Aloisius hob den Blick und erkundete den Hang in Sichtweite. Er konnte nichts weiter sehen als die üppige Vegetation. Nichts Auffälliges fiel in sein Blickfeld und das leuchtend gelbe Hemd des Alten hätte er sicher wahrgenommen.
Und doch, hier war er wirklich schon einmal vorbeimarschiert. Er konnte sich gut an den markanten Stein zur Linken erinnern, der etwas über den Abhang hinunterragte.
»Juan!«
Aloisius Ruf blieb ungehört. Er mochte wirklich seit Stunden im Kreis gehen, der Alte war jedenfalls nicht in Rufweite. Er beschloss weiterzugehen, auch auf die Gefahr hin, dass er nach weiteren Stunden sich wieder an der gleichen Stelle einfinden würde. Für Wasser und Früchte war gesorgt. Kam es wirklich darauf an, ein Ziel zu erreichen, oder war der Weg bereits das Ziel. Dann war es fast unbedeutsam, welchen er nahm. Früher oder später würde sich der Alte sicher wieder zeigen.
›Hoffentlich!‹, sagte sich Aloisius mit nun doch leicht bangen Gedanken.
Plötzlich wurde ihm ganz anders. Aller Mut und alle Zuversicht, auch ohne den Alten seinen Weg fortsetzen zu können, waren mit einem Mal verflogen. Er begann zu frösteln, obwohl die Sonne immer noch kräftig auf seiner Haut brannte.
Ein zweites mächtig in die Länge gezogenes »Juuuuaaaaaaaan!« blieb ebenso ungehört. Nur ein leichtes Echo erschall von der anderen Seite des Tales.
Aloisius krabbelt auf den vor ihm liegenden Felsen und robbte langsam vorwärts, bis er frei in die vor ihm liegende Schlucht schauen konnte. Durchs Tal schlängelte sich ein Fluss, wobei er nicht ausmachen konnte, in welche Richtung er floss. Ein wohl eher in Anbetracht seiner widrigen Umstände unbedeutender Tatbestand, den weiter zu erforschen keinen Sinn machte. Und doch versuchte sein Blick geraume Zeit, nichts anderes als genau dieses zu erkunden.

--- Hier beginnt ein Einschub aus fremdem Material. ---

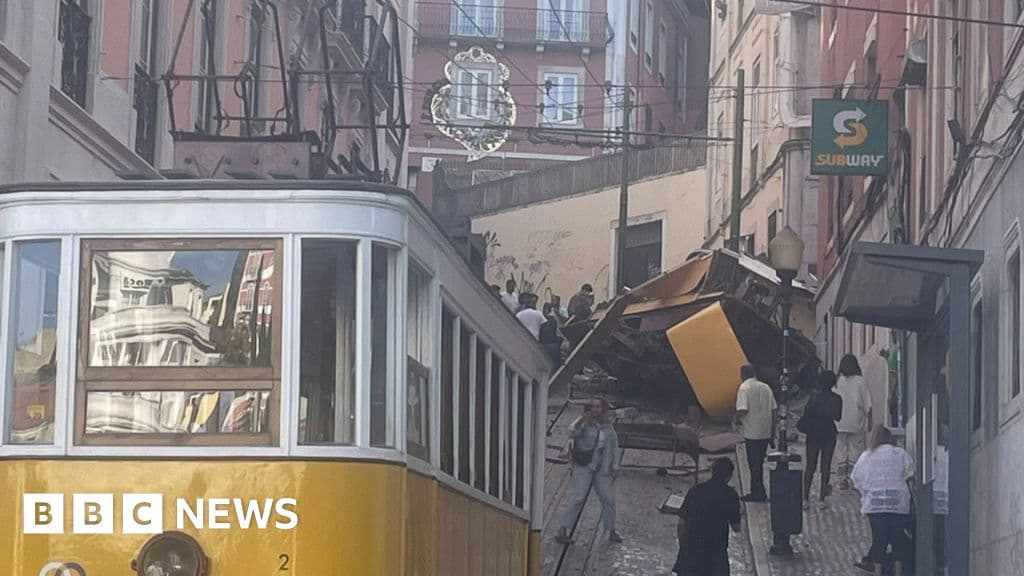 Lizbon'da Tarihi Füniküler Demiryolu Derayından Sonra Üç Ölü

Wie gut kannte er diesen Verhaltenszug an sich. Gerne lenkte er sich durch vermeintlich nichtige Fragen ab und versuchte damit einem drängenden Problem aus dem Weg zu gehen. Dies gelang äußert selten oder gar nicht, war aber zumindest für eines gut. Es brachte das Gemüt etwas zur Ruhe und eröffnete manchmal sogar den Blick für etwas bis dahin Übersehenes.
So lag er eine Weile auf dem Stein. Der Atem stockte und das Kribbeln im Bauch trugen nicht dazu bei, dass er eine entspannte Position einnehmen konnte. Erst als er den Blick auf den auf der anderen Seite des Tales liegenden Hang wandte, wurde er ruhige und konnte sich entspannen.
Aloisius genoss die Aussicht. Besonders ein einzelner Baum erfreute ihn. Seine feurigroten Blüten leuchteten in der Sonne und hoben sich vom satten Grün der übrigen Vegetation ab.